Tony Blair has told unemployed British workers “not to blame migrants for having taken your job” and instructed them to get a better education instead so they can “operate in the modern world”.
The former Labour party leader and British Prime Minister said that high immigration is fuelling “populism” and that complaining about it can be a sign of “prejudice”.
“The answer to someone who is unemployed in a country like mine or anywhere else in Europe, is not to blame migrants for having taken your job, is to get the education and the skills necessary in order to be able to operate in the modern world”, Mr. Blair told an educational conference in Dubai.
The millionaire then went on to say that he supported private education in some circumstance. It was also reported today that the Organisation of Economic Co-operation and Development (OECD) has slammed the UK’s state education system for providing only “superficial” teaching.

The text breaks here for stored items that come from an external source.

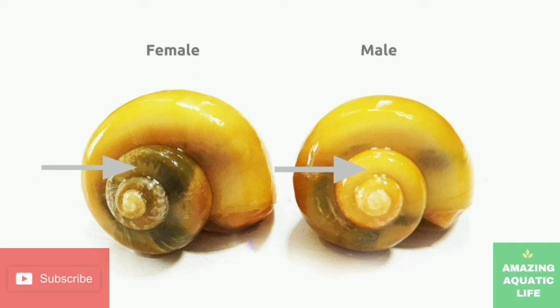It is easy to determine the gender of golden mystery snails, as females will have a darker whorl, especially near the tip. Males will be lighter and have white genitalia on the right side of their bodies. This is only identifiable if you look at the snail from the inside when it is out of its shell.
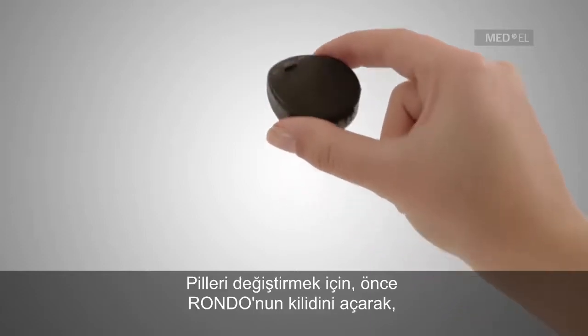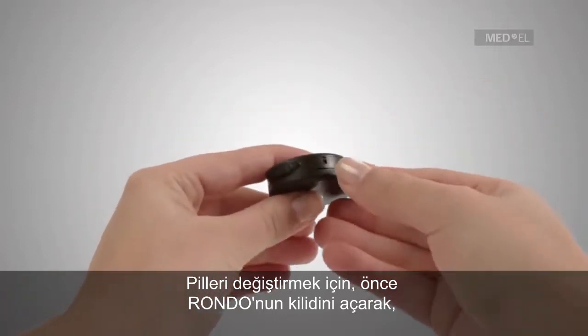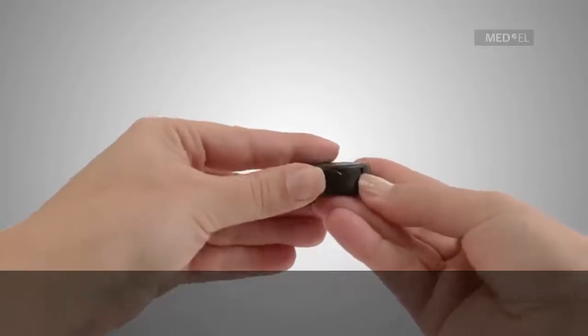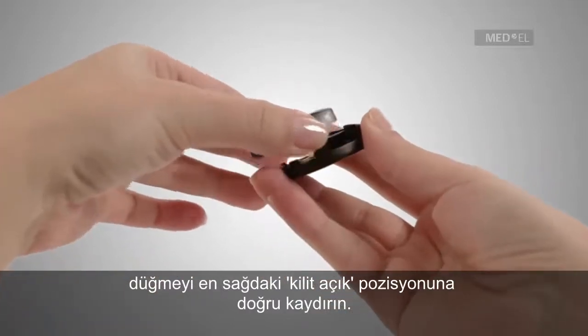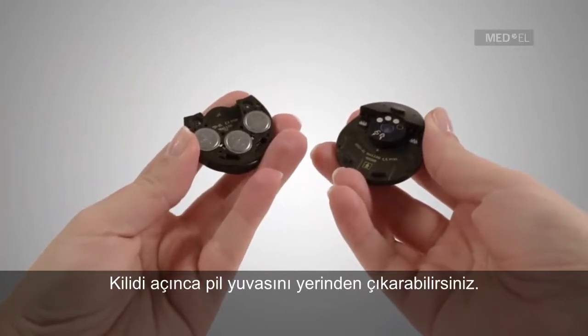To replace the batteries, remove the battery pack from the control unit by first unlocking the Rondo. To unlock the Rondo, use your fingernail to push the release lever down while sliding the switch to the unlock position at right. Unlocking the Rondo allows you to lift up the battery pack.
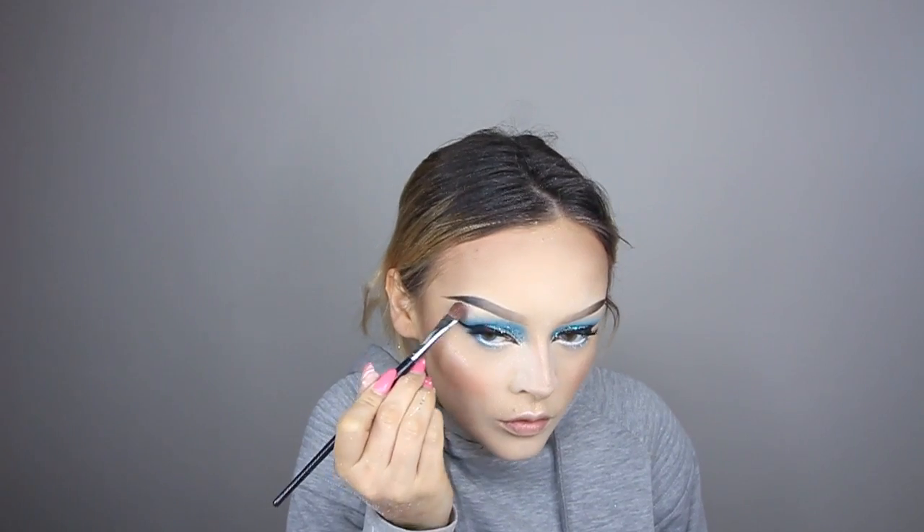Before the lashes, a few more things — going in with highlighter, using the Kat Von D Metal Crush Highlighter Palette. Then moving on to lips — doing huge red lips because the outfit is red. Taking the Kat Von D lip liner in Outlaw to outline the lips.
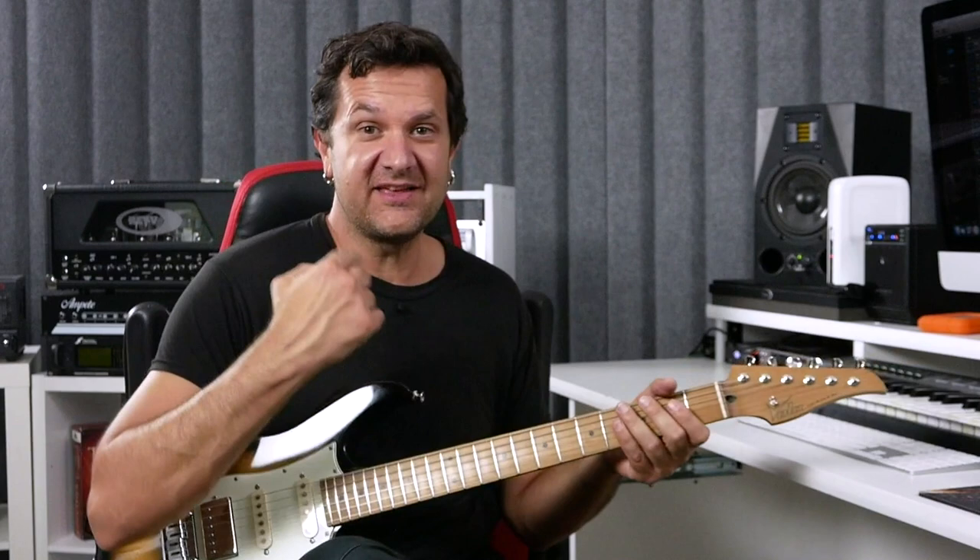Hey, this is David. We're going to talk about playing with the pick. If you have been struggling holding the pick like I have for a long time, I'm hoping that this video is going to help you at least enjoy the pick a little more. So grab your guitar, grab your pick. Let's talk about picks.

Mr. Blair said there is “real anxiety” about the world changing, but argued that attributing falling wages to migration is wrong and simplistic.
“If they think their incomes are stagnating and they aren’t really getting anywhere in life, then this [migration] becomes easy to gravitate to”, he said.
During his premiership, Mr. Blair decided not to impose transitional controls on migrants arriving from Bulgaria and Romania, loosened asylum policy and opened up family reunification rules, which led to unprecedented levels of migration.
However, for him, the problem is not uncontrolled mass migration but the right wing politics that seeks to address it.
“Whether in America or in Europe, that is the card that at least the right wing of populism will play. The truth is the answer is around this concept of education”, he said.
“It’s all very interesting. There is a populism of left and right, there’s a lot of anger about. Anger is all very well but it’s answers that deliver results. If I start going off about Donald Trump and Mr. Corbyn, that would be a bigger story that my talking about education”, he continued.
He then appeared to acknowledge how out of touch he is.
“When I look at politics today, I am not terribly sure that I quite understand it. If you want to push back on that populism — and we shouldn’t have that type of populism govern our politics — you’ve got to go out and make the argument”, he said.